I can’t say I really enjoyed watching most of the rally, though it got more fun as it went on, but then these things are tricky to watch on television or, in this case, live-streaming. They’re not shows performed with an audience for the benefit of the viewer at home, they’re done for the people who are there — even if many of them have trouble seeing or hearing anything if they’re standing too far way from the stage — and the people at home are peripheral.

So this wasn’t exactly a TV show, except for a few bits that were clearly aimed at the home viewer, like Tim Meadows’ return appearance as P.K. Winsome. (Colbert has tried to create a few recurring characters who parody established pundit-show figures, but Winsome is the one who’s lasted the longest. He’s a combination of two typical characters from pundit shows: the black Republican who gets on cable news a lot because there aren’t many black Republicans, and the guy who uses his news appearances as a thinly-disguised excuse to advertise his business.) Otherwise, it was, like any rally, a news event as much as a show. And that’s the source of the weirdness and the questions about how to respond to this thing, because it is simultaneously a parody of a rally and a straight-up, actual event, complete with questions about how many people showed up and whether it was a politicized rally.
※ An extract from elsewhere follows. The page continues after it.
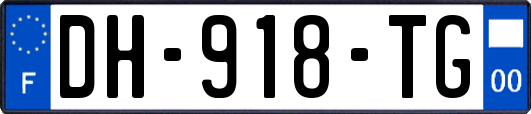 DH-918-TG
Personally, I wish it had been more politicized, not because I think it would change minds, but just because it would have given the event more bite than the message Stewart was actually trying to convey. His belief that the media is making things worse by blowing everything out of proportion, and that people would have an easier time getting along if it weren’t for the 24-hour news culture, has been pretty consistent over the years; what he said in his final speech is similar to what he said in his famous appearance on Crossfire all those years ago. I think there’s an argument that it’s really a dodge to keep from really outright taking a partisan political side and giving up the “only sane man” pose.

If you read the speech, it’s a nice statement of his belief that people are people no matter where they are, and that they are not partisan attack machines in their everyday lives. Which is true, but a bit irrelevant to the message and mission of news, and of politics. There’s not much conflict between saying that people of opposing views can get along and work together in everyday life and that people of opposing views can’t get along and work together in politics. So the media’s picture of a world where nobody can get along  is probably more accurate than Stewart’s rosier picture — at least when it comes to politics. Stewart does a good job of ripping the way 24-hour news views politics — a vicious sporting event where the game is the only thing that matters, and nothing has any real consequences for real people’s lives. But that could be closer to the truth than his view that reasonable people can come together to solve problems if the pundits just stop shouting.

Update: My collague Luiza Ch. Savage was there in person, and has a report on the live experience of the rally and its attendees.

Elsewhere, Christine Becker, who was there live, has a post on the experience of the rally, how it differed from the televised experience, and the “visceral feeling of unity” it gave to the participants.